Liputan6.com, Jakarta - Komisi Pemberantasan Korupsi (KPK) kembali memanggil Direktur Utama PT Makassar Toraja (Maktour) Fuad Hasan Masyhur (FHM), dalam kasus dugaan korupsi kuota tambahan haji 2023-2024. Juru Bicara KPK, Budi Prasetyo menjelaskan, bos travel haji dan umroh itu akan dipanggil dan diperiksa penyidik sebagai saksi.

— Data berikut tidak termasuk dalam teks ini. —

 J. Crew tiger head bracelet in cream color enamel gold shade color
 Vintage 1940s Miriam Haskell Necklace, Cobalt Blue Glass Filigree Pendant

"Penyidik menjadwalkan ulang untuk pemeriksaannya pada pekan depan. Kami meyakini saksi akan hadir dalam penjadwalan ulang tersebut," ujar Budi Prasetyo kepada awak media, Jumat (12/6/2026).
Advertisement
Meski begitu, Budi belum merinci tanggal persis kapan Fuad akan datang ke Gedung Merah Putih KPK. Sebelumnya, Fuad sempat meminta penjadwalan ulang, lantaran masih berada di Tanah Suci dalam kegiatan ibadah haji.
"Saksi Saudara FHM mengirimkan konfirmasi belum bisa memenuhi panggilan penyidik. Saksi masih berada di Arab Saudi dalam rangka pelaksanaan ibadah haji," jelas Budi saat itu.
Budi meyakini, pada penjadwalan pekan depan, Fuad akan hadir dan bersifat kooperatif.
"Kami meyakini, saksi akan hadir dalam penjadwalan ulang tersebut," kata Budi.